#### [WHAT NEEDS TO BE DONE]
Pictures are not part of the copy; retype all the records below exactly.

#### [RECORDS SUPPLIED]
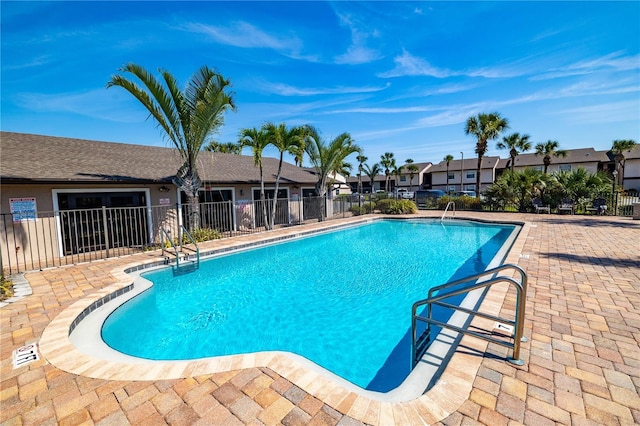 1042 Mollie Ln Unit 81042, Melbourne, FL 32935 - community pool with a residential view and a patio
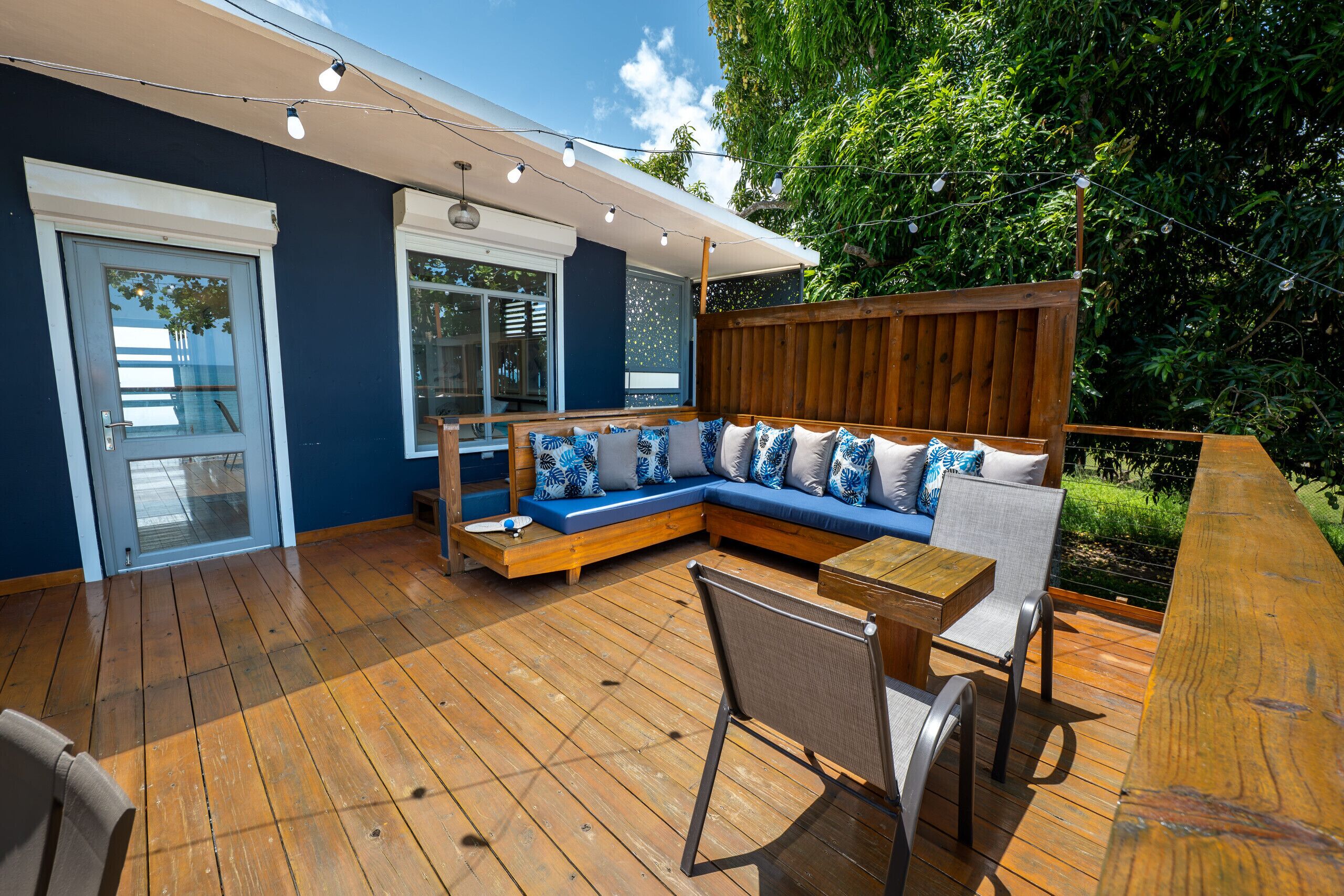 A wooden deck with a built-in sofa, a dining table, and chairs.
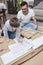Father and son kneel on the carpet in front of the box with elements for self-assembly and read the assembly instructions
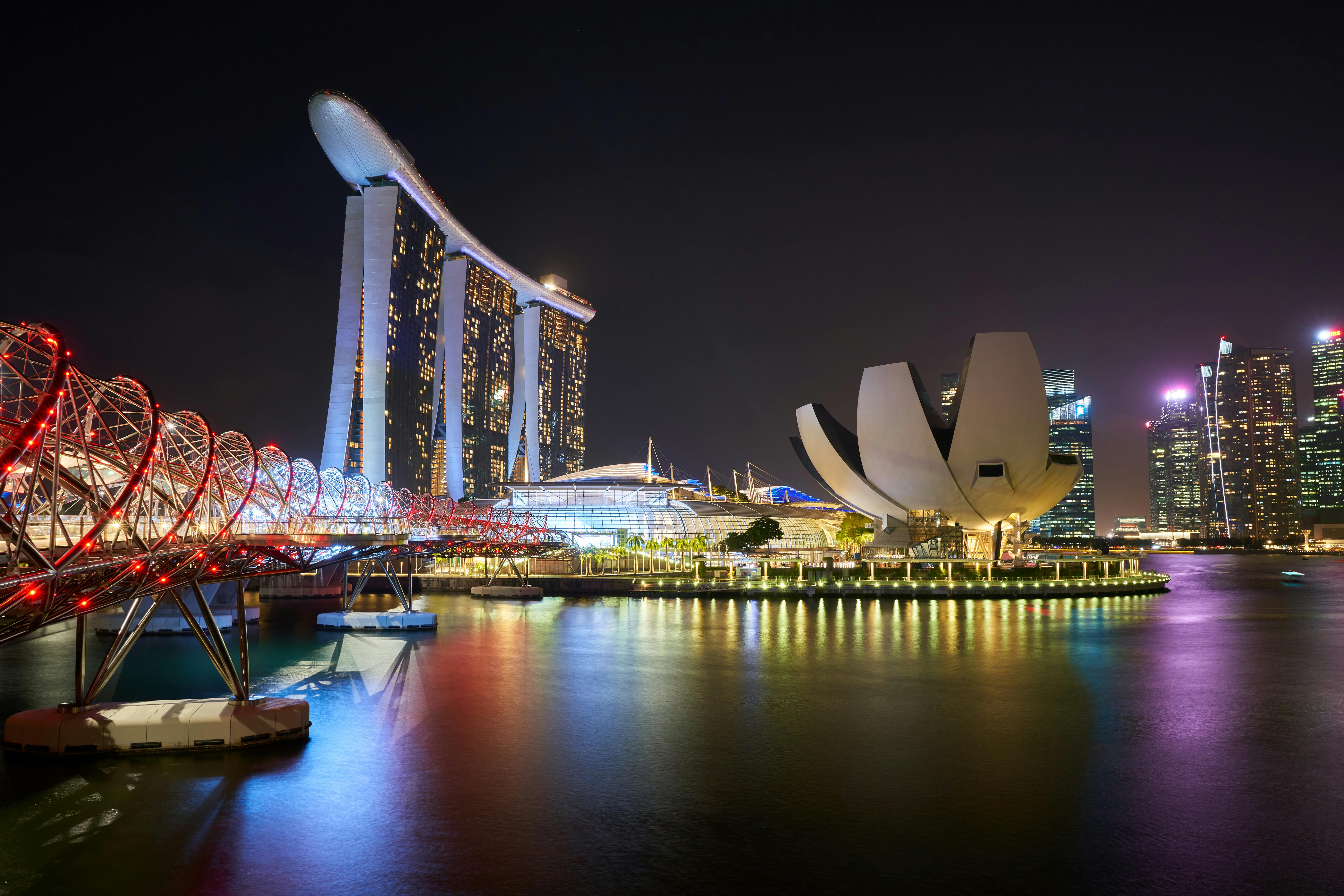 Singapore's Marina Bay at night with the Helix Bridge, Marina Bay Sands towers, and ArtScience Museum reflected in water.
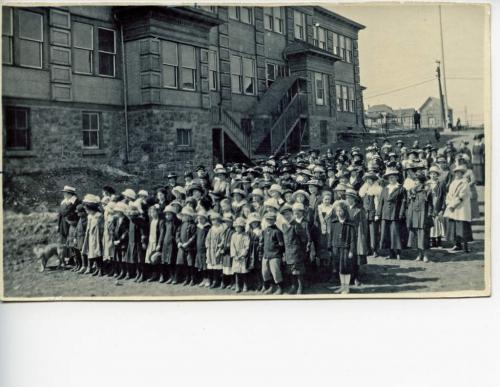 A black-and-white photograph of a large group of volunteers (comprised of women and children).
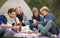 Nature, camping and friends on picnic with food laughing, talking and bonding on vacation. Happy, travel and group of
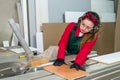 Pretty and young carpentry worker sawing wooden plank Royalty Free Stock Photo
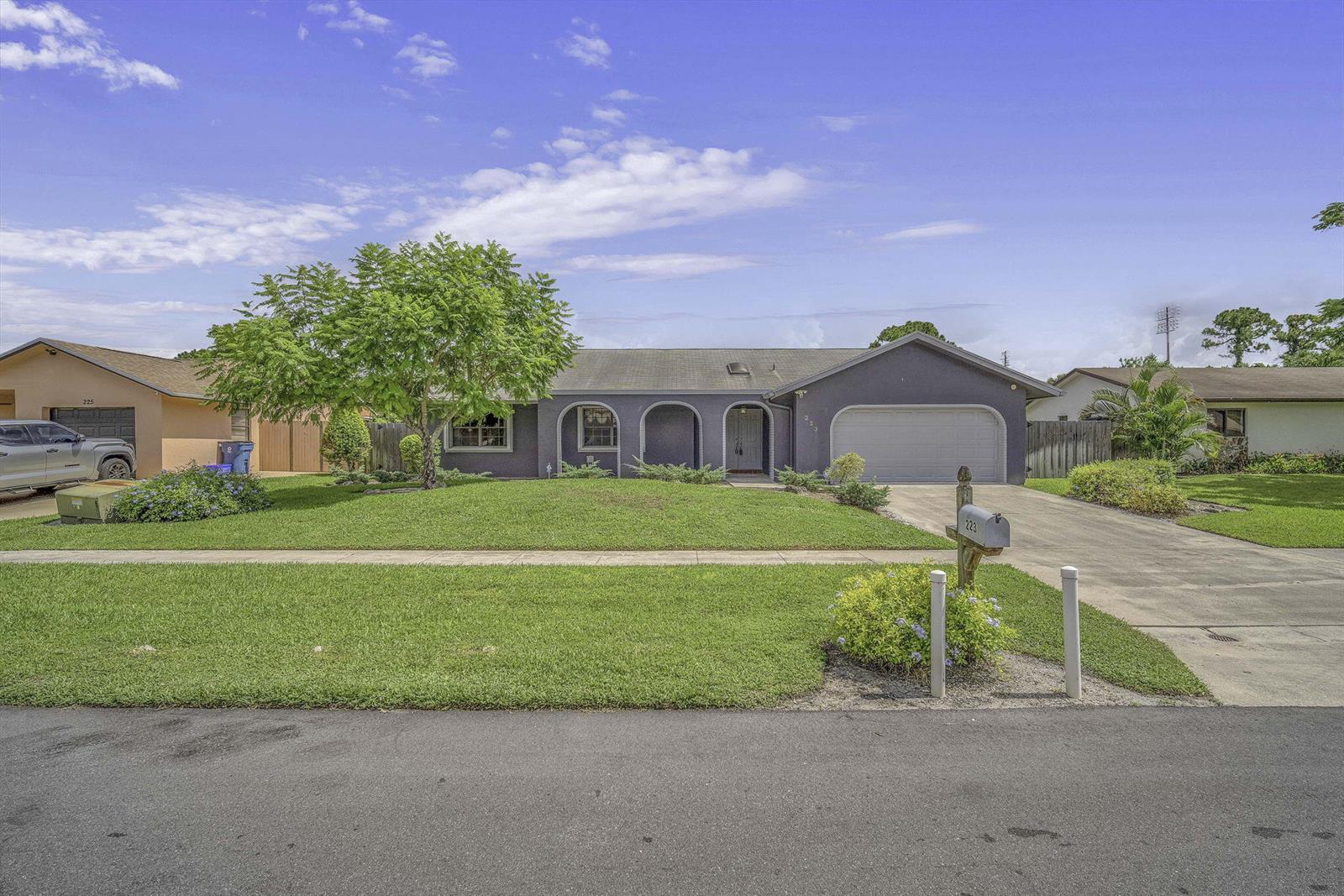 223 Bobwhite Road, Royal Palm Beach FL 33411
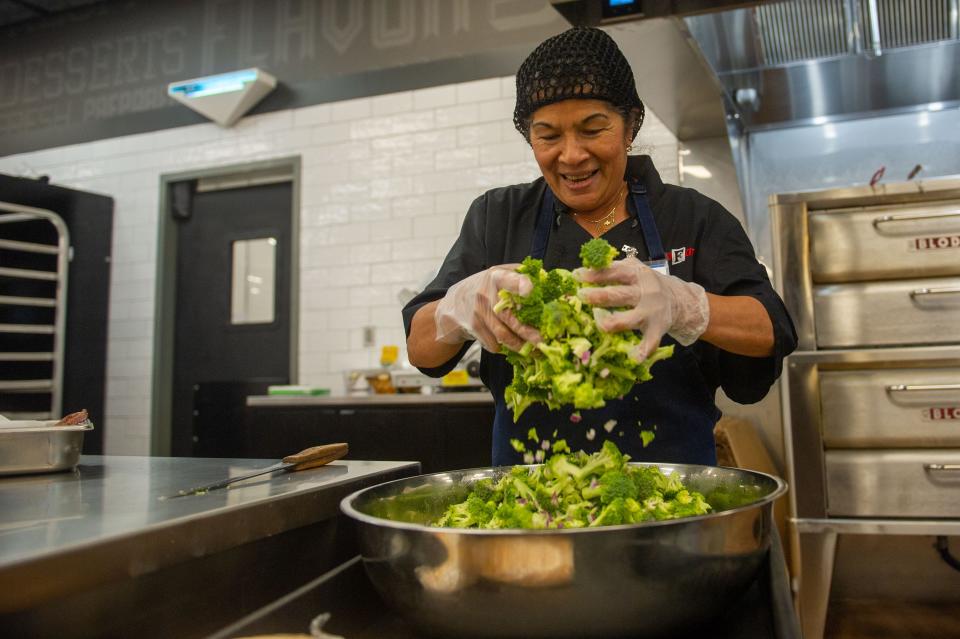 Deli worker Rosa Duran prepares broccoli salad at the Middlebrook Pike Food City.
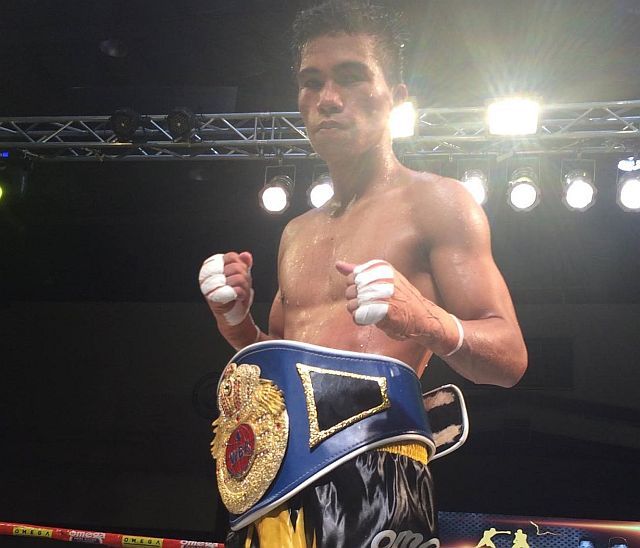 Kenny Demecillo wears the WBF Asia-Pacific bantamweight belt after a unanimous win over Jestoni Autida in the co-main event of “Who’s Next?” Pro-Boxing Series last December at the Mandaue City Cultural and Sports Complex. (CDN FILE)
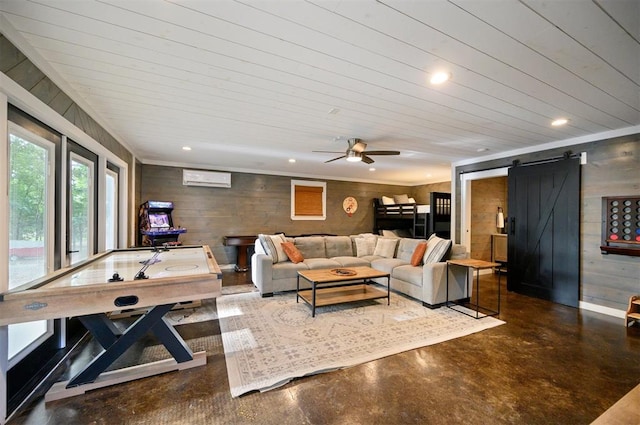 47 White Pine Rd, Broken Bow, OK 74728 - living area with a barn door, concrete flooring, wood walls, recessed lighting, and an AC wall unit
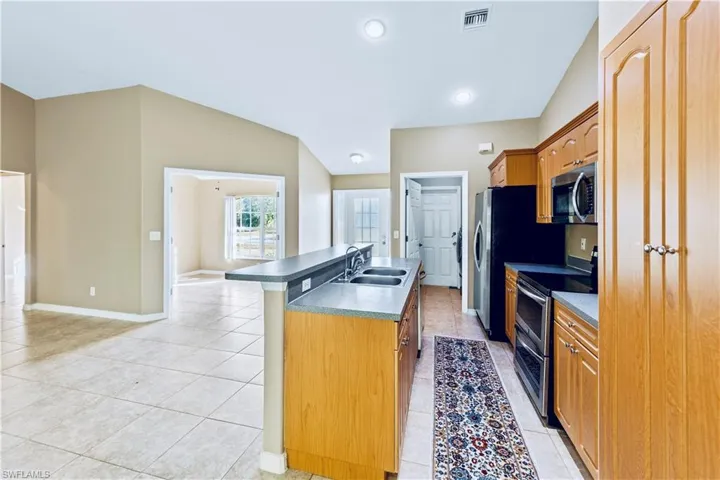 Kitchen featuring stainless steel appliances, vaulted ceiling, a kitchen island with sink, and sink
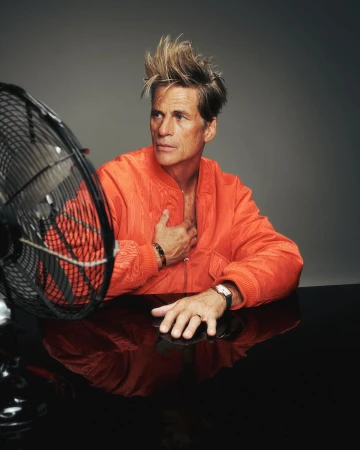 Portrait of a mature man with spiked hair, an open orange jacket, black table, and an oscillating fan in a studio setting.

#### [TASK RESPONSE]
 1042 Mollie Ln Unit 81042, Melbourne, FL 32935 - community pool with a residential view and a patio
 A wooden deck with a built-in sofa, a dining table, and chairs.
Father and son kneel on the carpet in front of the box with elements for self-assembly and read the assembly instructions
 Singapore's Marina Bay at night with the Helix Bridge, Marina Bay Sands towers, and ArtScience Museum reflected in water.
 A black-and-white photograph of a large group of volunteers (comprised of women and children).
 Nature, camping and friends on picnic with food laughing, talking and bonding on vacation. Happy, travel and group of
 Pretty and young carpentry worker sawing wooden plank Royalty Free Stock Photo
 223 Bobwhite Road, Royal Palm Beach FL 33411
 Deli worker Rosa Duran prepares broccoli salad at the Middlebrook Pike Food City.
 Kenny Demecillo wears the WBF Asia-Pacific bantamweight belt after a unanimous win over Jestoni Autida in the co-main event of “Who’s Next?” Pro-Boxing Series last December at the Mandaue City Cultural and Sports Complex. (CDN FILE)
 47 White Pine Rd, Broken Bow, OK 74728 - living area with a barn door, concrete flooring, wood walls, recessed lighting, and an AC wall unit
 Kitchen featuring stainless steel appliances, vaulted ceiling, a kitchen island with sink, and sink
 Portrait of a mature man with spiked hair, an open orange jacket, black table, and an oscillating fan in a studio setting.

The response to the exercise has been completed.